======== Records for this task ========

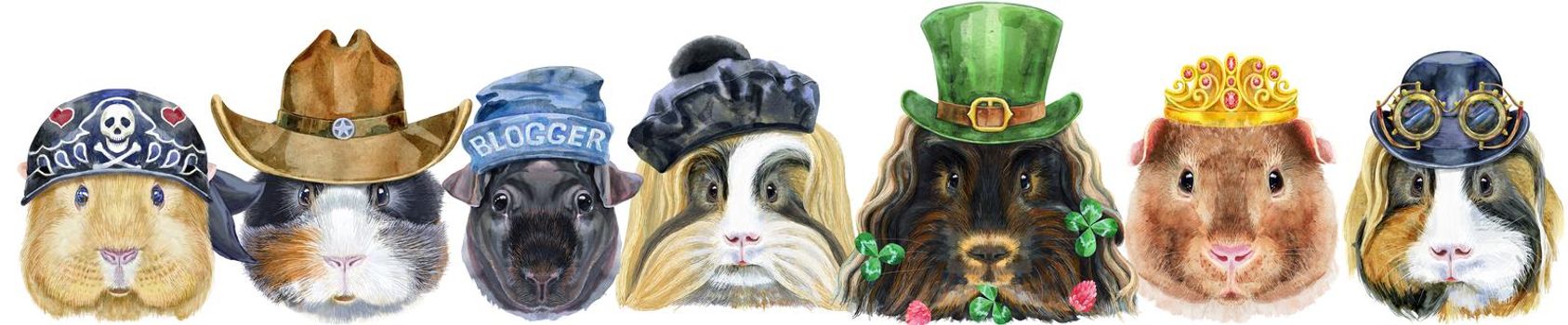 Cute cavy. Pig for T-shirt graphics. Watercolor guinea pigs border set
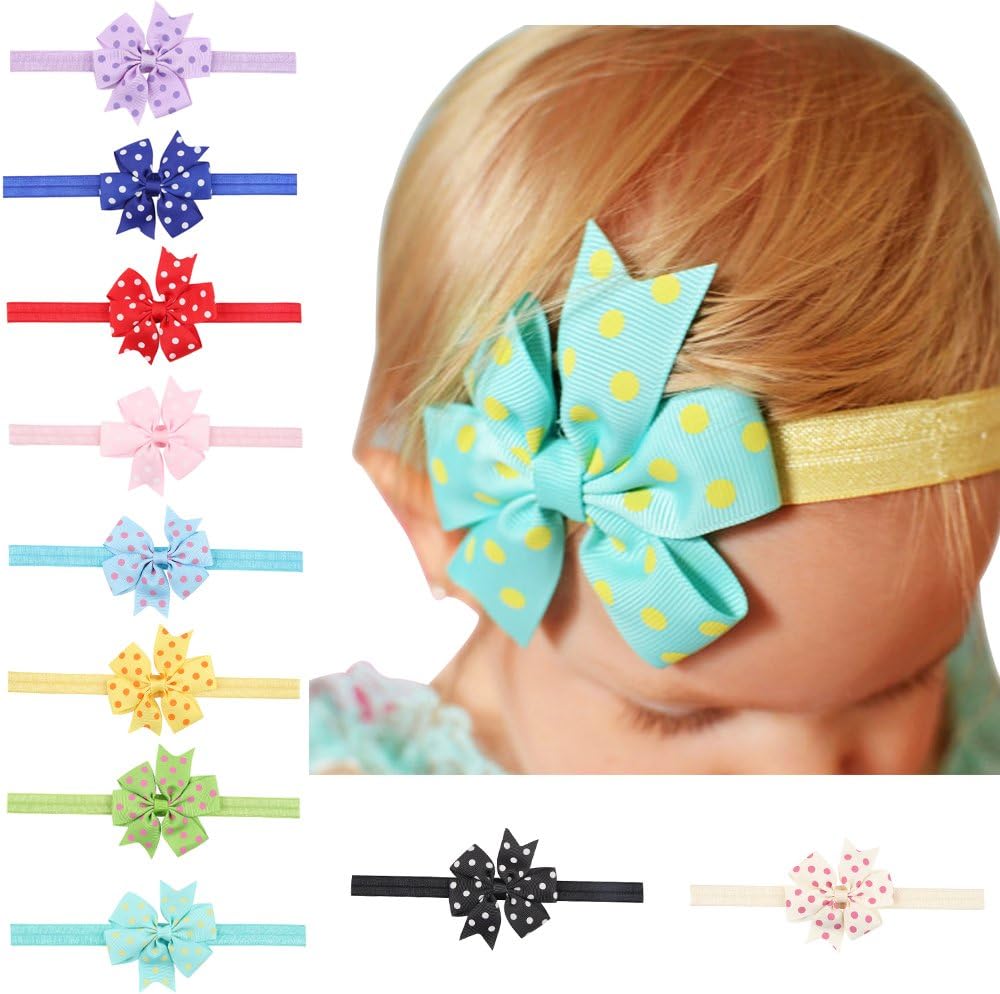 Little Butterfly Baby Hair Bows Headbands (Cyan)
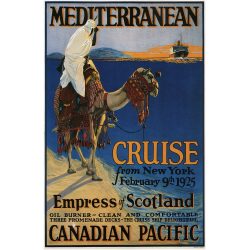Mediterranean Cruise Vintage Travel Poster Print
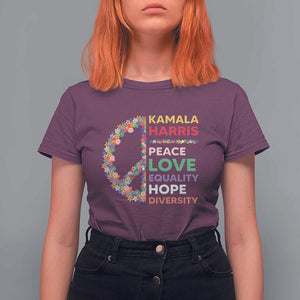 Harris Supporter T Shirt For Women Peace Love Equality Hope Diversity Retro Flower Peace Sign TS11 Maroon Print Your Wear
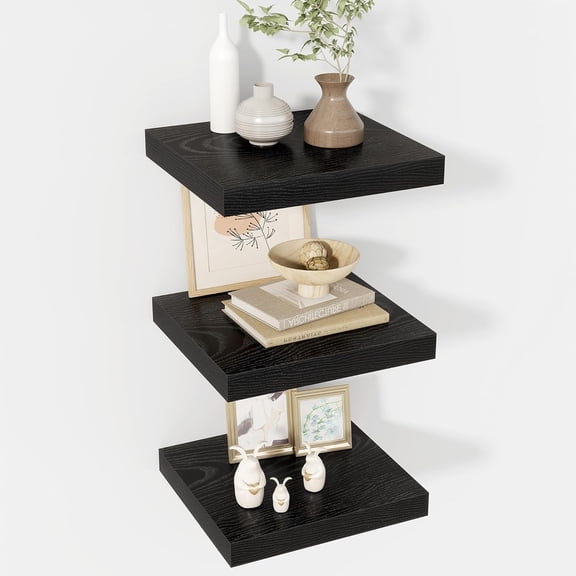 48 Inch Floating Shelves  8 Inch Deep Floating Shelves for Wall  Hanging Shelf with Invisible Brackets  Deep Shelves for Bathroom  Bedroom  Living Room  Black  Set of 1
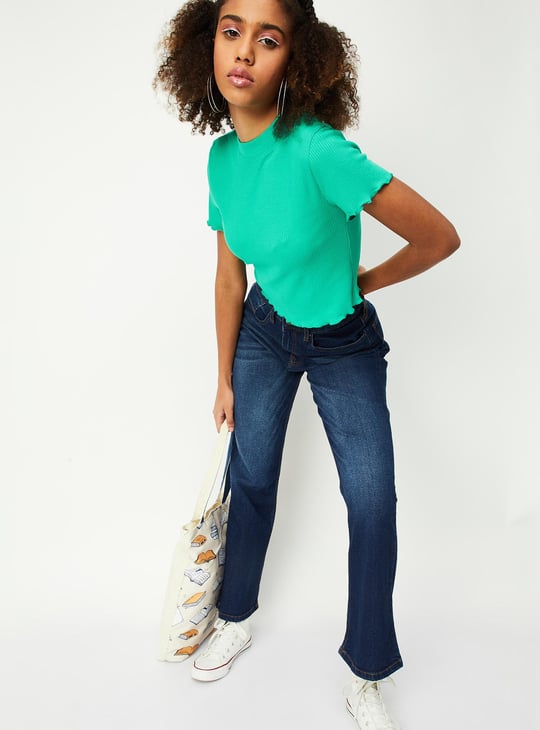 Women Slim Rib Crop Top with Lettuce Edge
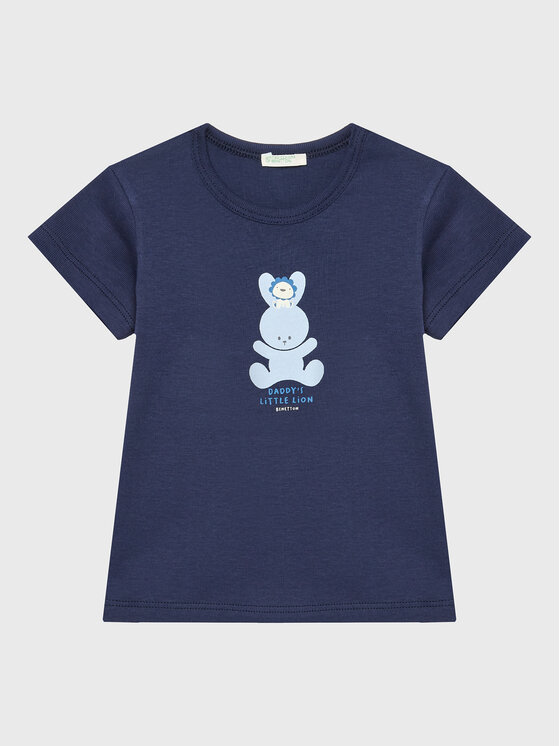 United Colors Of Benetton United Colors Of Benetton Тишърт 3I9WA1003 Тъмносин Regular Fit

========

Your instructions:
Copy word for word only the lines above from the one with "Little Butterfly Baby" through the one with "Women Slim Rib Crop Top with Lettuce Edge". Leave pictures out.

Response below:
 Little Butterfly Baby Hair Bows Headbands (Cyan)
Mediterranean Cruise Vintage Travel Poster Print
 Harris Supporter T Shirt For Women Peace Love Equality Hope Diversity Retro Flower Peace Sign TS11 Maroon Print Your Wear
 48 Inch Floating Shelves  8 Inch Deep Floating Shelves for Wall  Hanging Shelf with Invisible Brackets  Deep Shelves for Bathroom  Bedroom  Living Room  Black  Set of 1
 Women Slim Rib Crop Top with Lettuce Edge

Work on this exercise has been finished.